Mungkin Anda masih ingat dulu ketika masih sekolah di SMP atau SMA, dalam acara Pramuka, ketika ikut serta dalam sebuah kemping, menyalakan api unggun di malam hari, satu per satu kayu bakar dilempar ke api yang menyala berkobar-kobar, sambil bernyanyi dan bersukaria, badan terasa hangat dan panas di udara yang dingin. Semakin malam semakin habis kayu yang dibakar dan api pun perlahan mulai mengecil, tersisa abu yang semakin redup dan akhirnya apipun sirna, udara kembali dingin kitapun masuk ke kemah masing-masing, usai sudah acara api unggun.
Itulah gambaran rohani kebanyakan dari kita. Pada waktu kita pertama mengenal dan menerima Tuhan Yesus sebagai Tuhan dan Juruselamat kita, rasanya hati kita berkobar-kobar, tidak henti-hentinya setiap hari kita bersyukur karena dipenuhi sukacita sorgawi. Kita berbicara kepada orang-orang dekat dan teman-teman kita betapa bahagianya kita menjadi orang Kristen. Apapun yang kita kerjakan, sepertinya dengan mudah dikerjakan, berkat mengalir dalam berbagai bentuk. Ke gereja seminggu sekali di hari Minggu rasanya masih kurang, dan kitapun bergabung dengan acara-acara gereja tengah minggu.

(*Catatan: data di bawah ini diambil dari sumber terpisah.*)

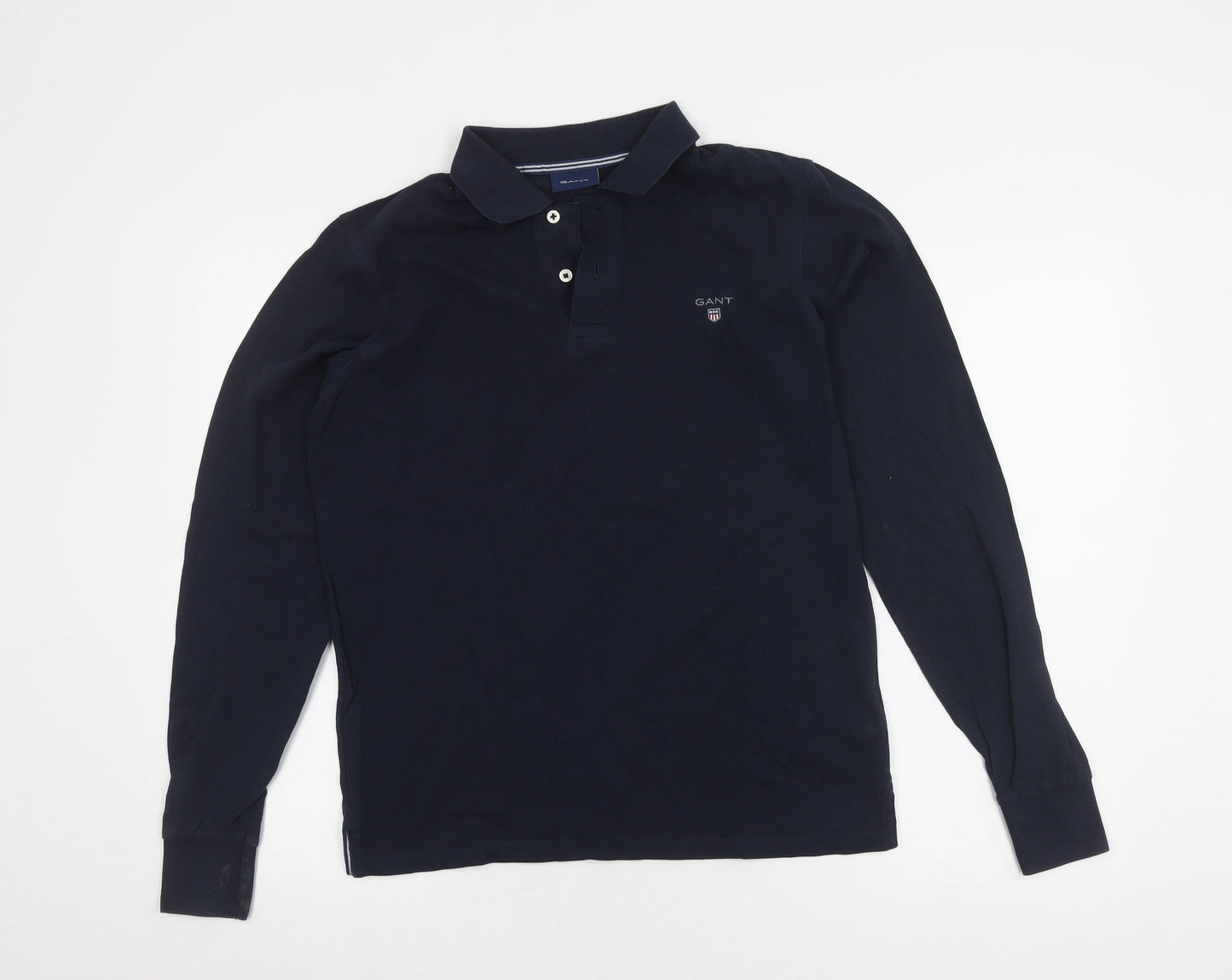 Gant Men's Blue Long Sleeve Polo Shirt Size S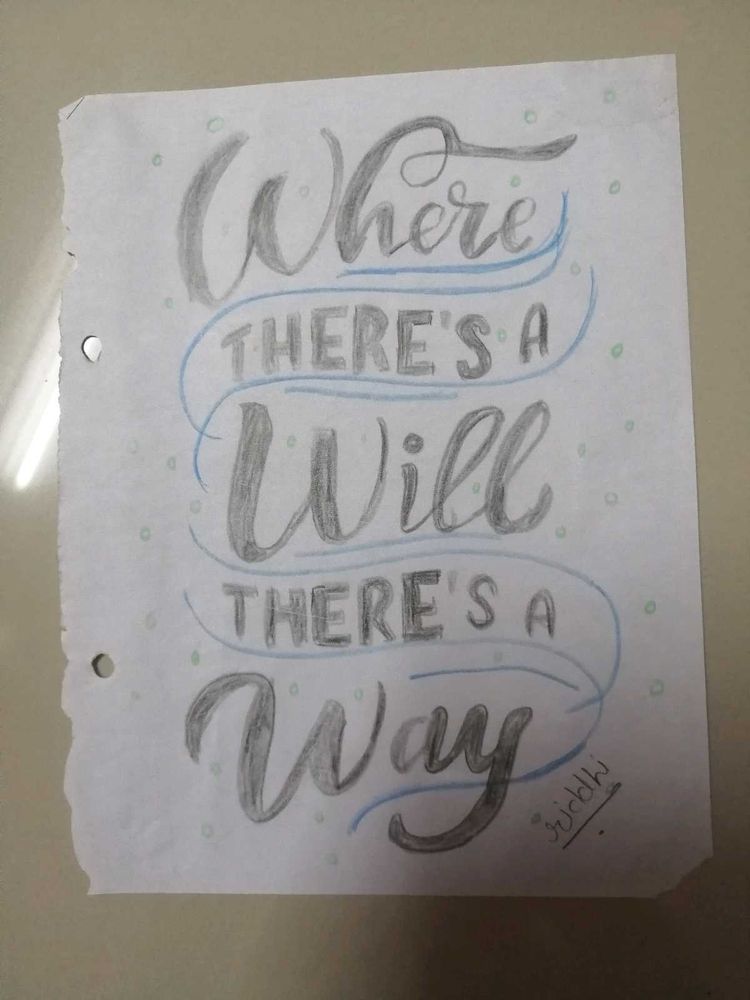 Hand-lettered "Where There's A Will"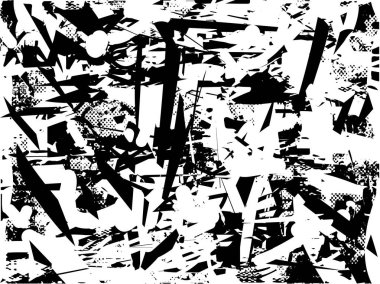 Siyah beyaz desenli, noktalı, lekeli, çizik ve çizikli sıkıntılı bir arkaplan. Soyut vektör illüstrasyonu.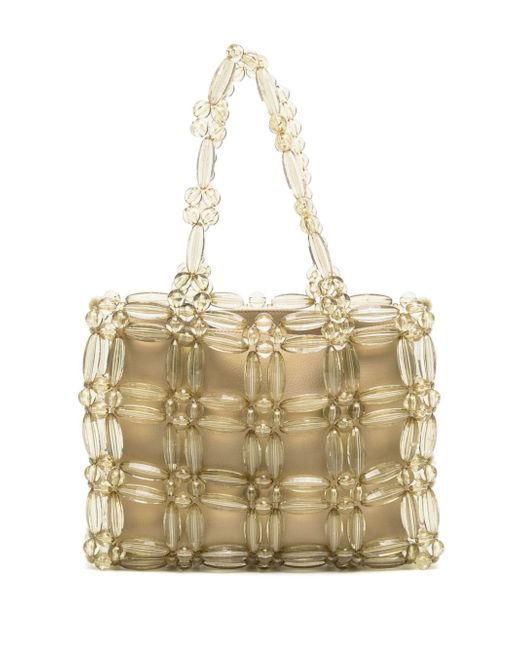 0711 Lilly bead-embellished tote bag - Pink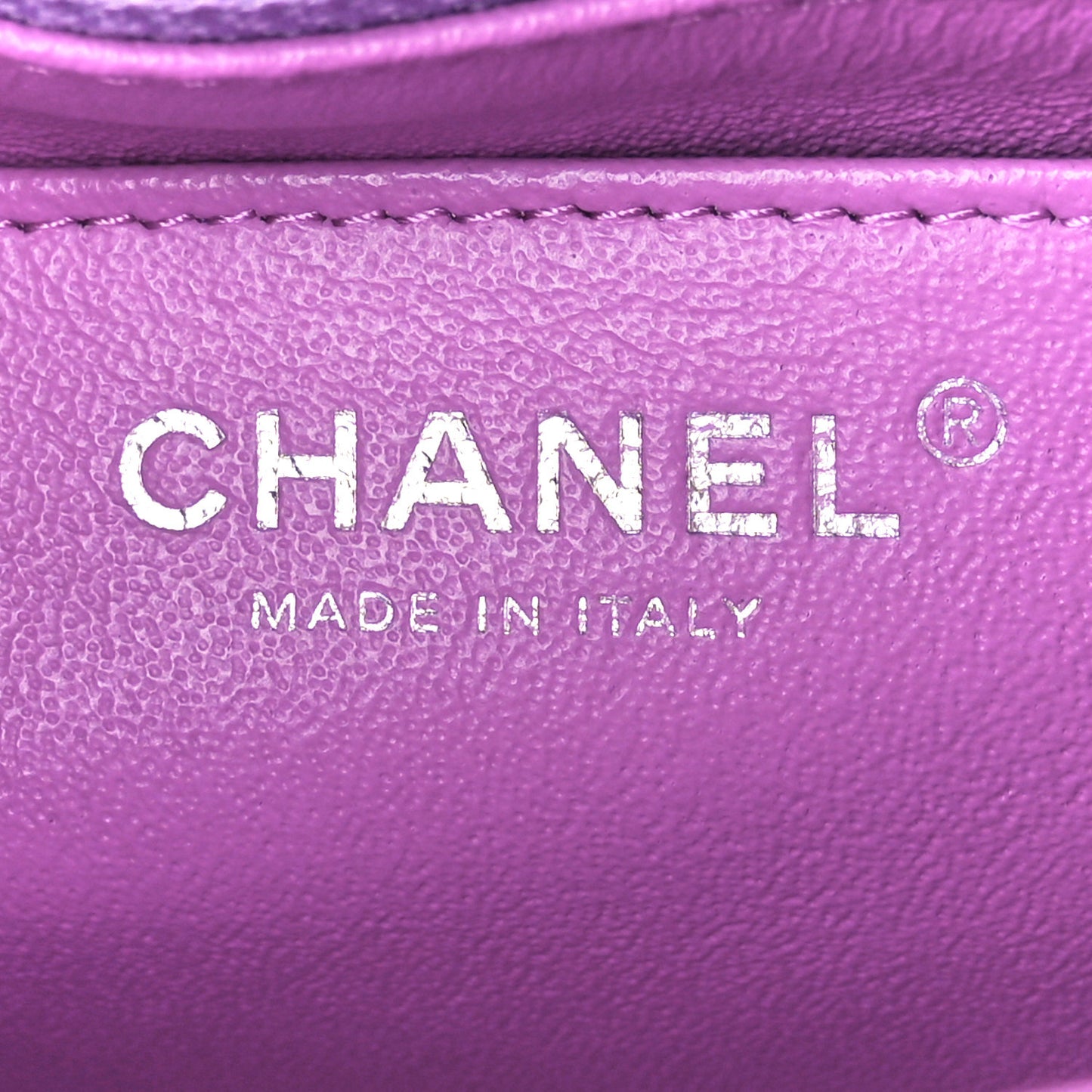 Lambskin Quilted Mini Rectangular Flap Purple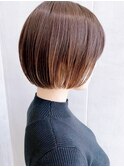 say.ショートボブひし形ショートハイライトヘーゼルグレージュ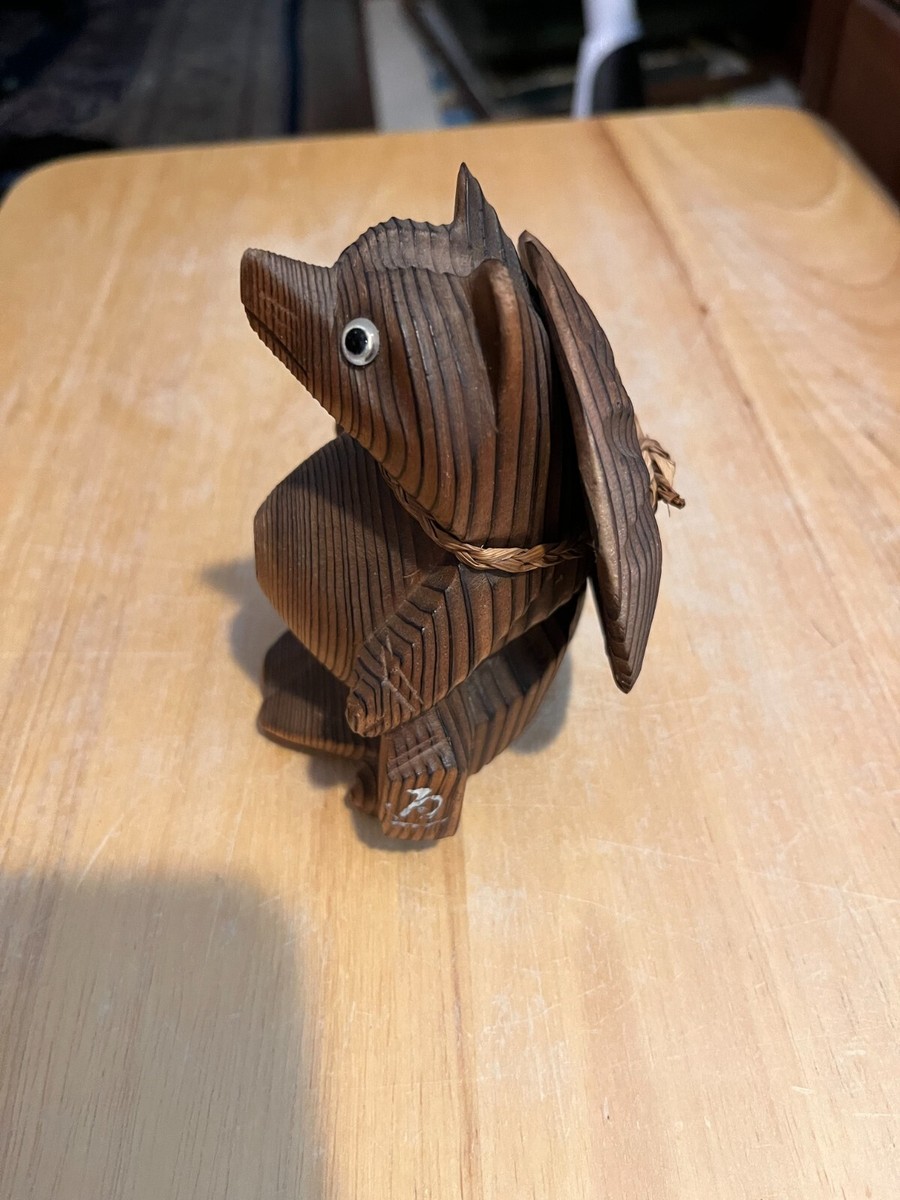 Rare Shou-Sugi-ban Japanese Tanuki Keyaki Wood Raccoon Dog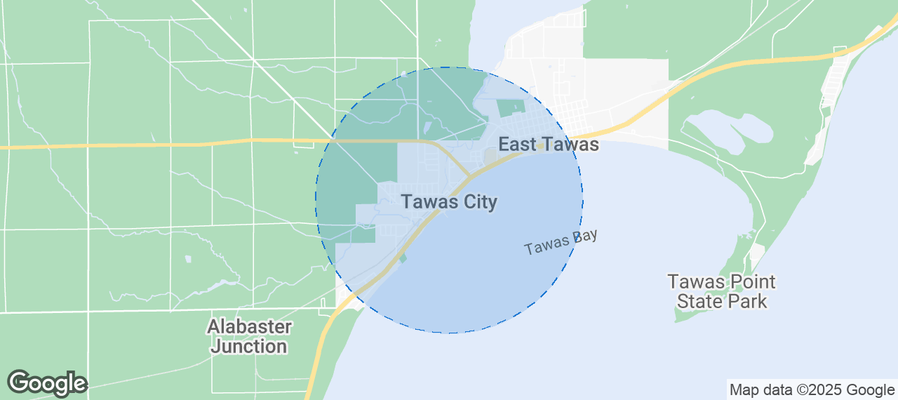 Map of Airbnb listings in Tawas City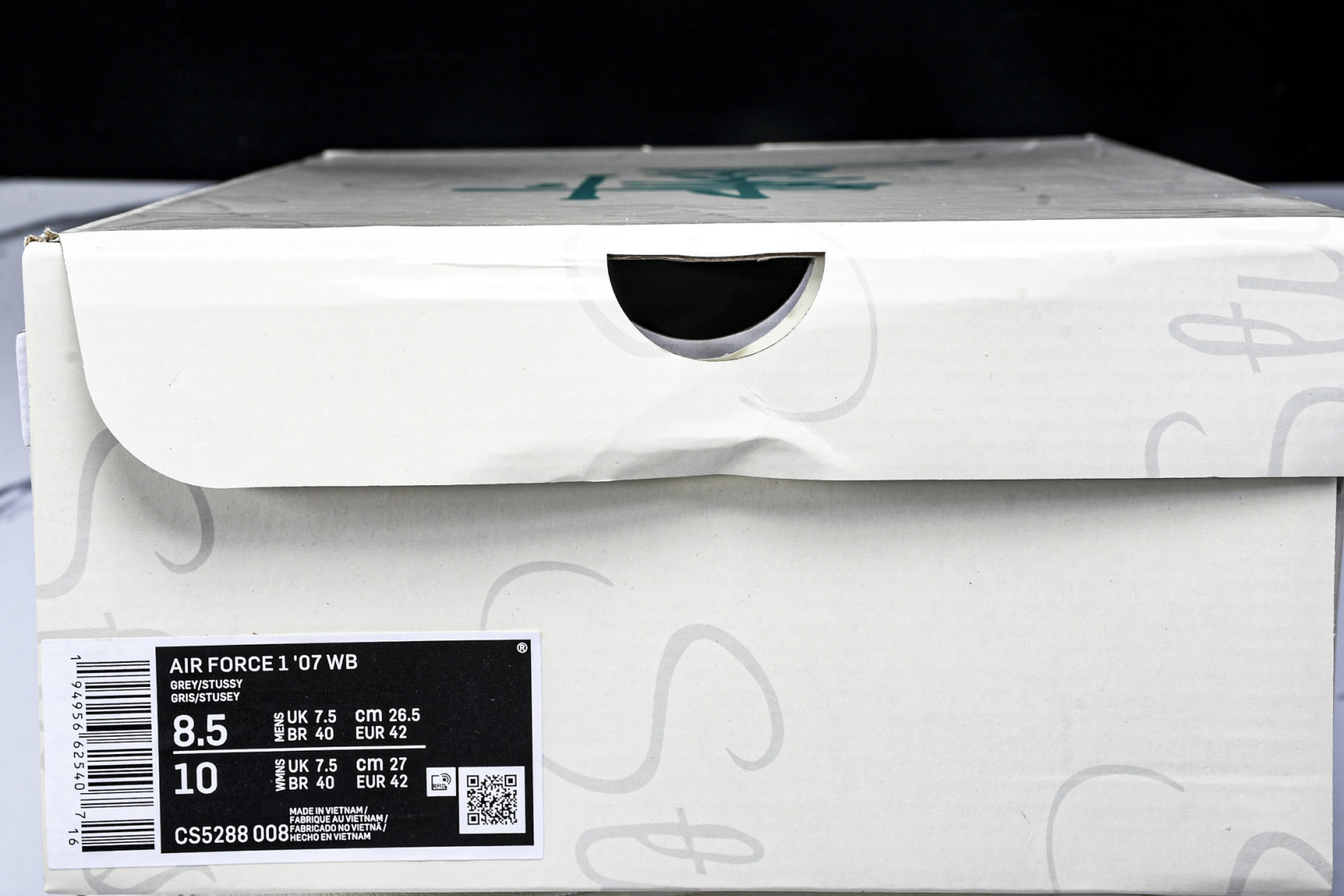 NK Air Force 1'07 Low 斯图西联名 灰勾灰底红标 空军一号低帮休闲板鞋 CS5288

Dan waktupun berlalu di tengah kesibukan, up-and-down kehidupan dalam berbisnis dan melakukan pekerjaan, belum lagi berbagai masalah rumit yang dihadapi, maka api rohani yang berkobar-kobar itupun secara perlahan meredup, dan tidak sedikit apinya menjadi padam. Malas ke gereja, tidak mau lagi aktif dalam berbagai kegiatan pelayanan, lesu dan di antara sekian ada yang tidak tahan akhirnya meninggalkan Tuhan menempuh jalan duniawi, terlebih jika menikah dengan yang bukan seiman.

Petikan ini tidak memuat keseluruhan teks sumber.